Nelson Mullins Riley & Scarborough LLP

As anticipated, on July 20, 2020, the Office of the Comptroller of the Currency (“OCC”) proposed rulemaking to determine that when a national bank or federal savings association makes a loan it is the “true lender,” when operating as part of a partnership between the national bank or federal savings association and a third party. The OCC stated the rulemaking would clarify that current regulations should be interpreted such that a bank or federal savings association makes a loan, if on the date of origination, the bank or federal savings association:

  1. Is named as the lender in the loan agreement. The OCC views this imprimatur as conclusive evidence that the bank is exercising its authority to make loans pursuant 12 U.S.C. 24. or
  2. Funds the loan. If a bank funds a loan on the date of origination, the OCC concludes that it has a predominant economic interest in the loan and, therefore, has made the loan—regardless of whether it is the named lender in the loan agreement as of the date of origination

The OCC has requested comments on all aspects of this proposal, including whether there are additional lending arrangements that should be captured by the OCC’s standards for determining when a bank makes a loan.
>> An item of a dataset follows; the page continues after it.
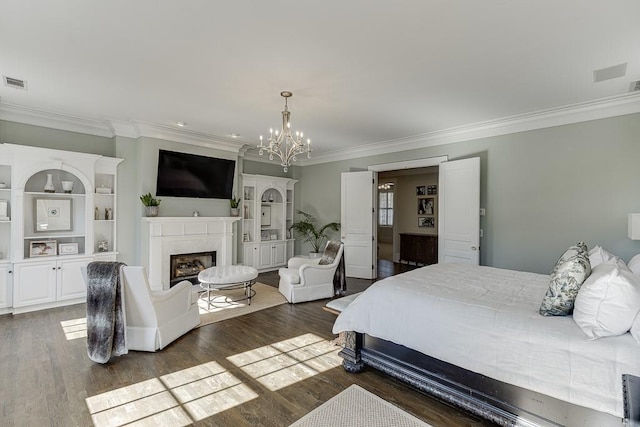 bedroom with dark wood-style floors, a premium fireplace, a chandelier, and crown molding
Additionally, the OCC has requested comments as to whether the proposed standards would capture lending arrangements that should be explicitly excluded. The deadline for comments on the rule is September 3, 2020.

Within the proposal, the OCC acknowledged lending relationships between banks and marketplace lenders can be effective tools to facilitate affordable access to credit. However, the OCC documented the increasing uncertainty about the legal framework that applies to the loans made as part of these relationships; stating this uncertainty may discourage banks and third parties from entering into these beneficial relationships, limit competition, and chill the innovation that results from these partnerships—all of which may result in restricting access to affordable credit.

The OCC specifically called out the growing body of case law around the issue, citing cases where the courts have concluded either (i) that the form of the transaction alone resolves this issue, or (ii) the issue is resolve through a balancing tests looking at factors such as: (1) how long the entity named as the lender holds the loan before selling it to the third party; (2) whether the third party advances money that the named lender draws on to make loans; (3) whether the third party guarantees minimum payments or fees to the named lender; (4) whether the third party agrees to indemnify the named lender; and (5) how loans are treated for financial reporting purposes.

While this area of regulation continues to evolve rapidly, today’s proposal looks to resolve the uncertainty and enable banks to exercise the lending authority granted to them under Federal law.

DISCLAIMER: Because of the generality of this update, the information provided herein may not be applicable in all situations and should not be acted upon without specific legal advice based on particular situations.